Bad Credit Loans
Get Your Late-Paying Customers to Pay on Time
By admin on Jun.28, 2010| under Bad Credit Loans| Leave a Comment | Tags: pay on time
Your business was running pretty smoothly – sales growing, and profits growing, too – and then the credit crunch hit, someone said the “R” word and everything started slowing down almost overnight. Most troubling of all, your customers have been paying you later and later, as if they are using your money to fill their own personal credit crunch. Well, they probably are.
Most of us don’t realize how dependent we are on credit to run our businesses. Vendor open account credit – the kind you extend to your customers – is by far the largest source of borrowing power in our economy. When you sell your products and services on credit, you are making interest-free loans to your customers, even if you are financing those loans with a bank loan for which you pay interest every month. When collections roll in on time, it all seems to work out nicely; but when collection slows down, you still need to replace goods you’ve sold, pay your workers (on time), and pay the rent and all the other expenses of running a business. Assuming your bank credit lines are in place and your margins are adequate, you have a bit higher interest expense and you can ride it out with your customers. However, if your credit lines or cash reserves aren’t sufficient to cushion you from the sudden change in cash flow, your business could be in big trouble. Besides, most bad debt write-offs come from old balances, not current ones. The older the balance, the higher risk it will never be collected.

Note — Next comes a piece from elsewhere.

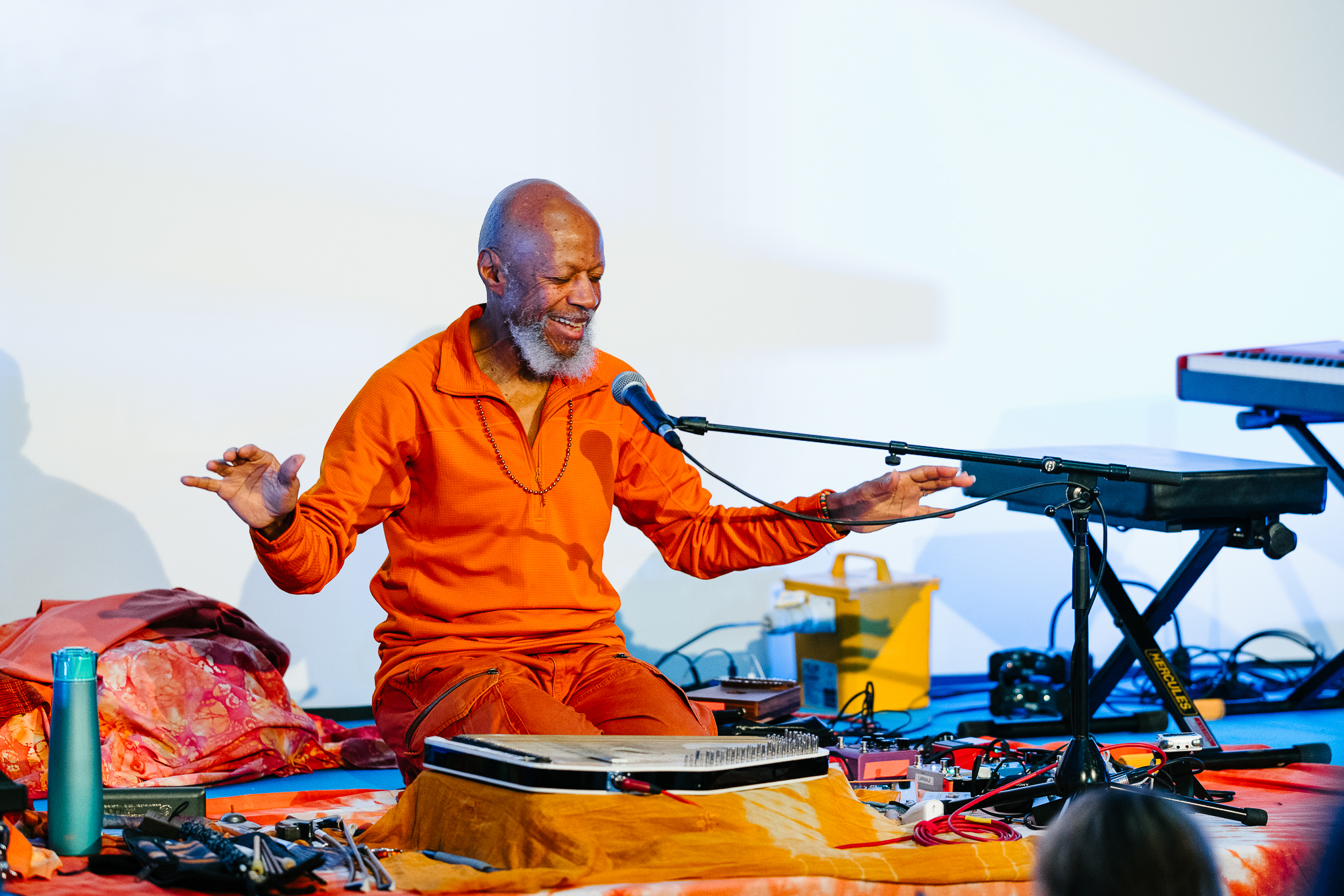 Institute for Postnatural Studies, project: THE LISTENING AFFECT (fig. 3)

So, your best bet is to encourage your customers to pay on time. No added interest expense, no hassle with customers, no write-offs, everyone is happy. Well, you are probably thinking, ”That was helpful. How do I do that, exactly?” Here are five ideas that can work well for you.
1. Improved credit-granting practices: On the front end, screen new customers more closely before granting a credit line. Spend a few dollars actually getting a credit report, and a few minutes calling a couple of their credit references to get a sense of the relationship they have with your potential customer. The conversation might go to their payment patterns when the economy slows, which could be different from good times. A comment that “they sometimes struggle to keep current but they always manage to get caught up” could be a red flag these days. Also, be watchful of a prospect who has changed suppliers more than once in the past year, and if you can learn the name of their previous supplier, that’s someone you want to talk to.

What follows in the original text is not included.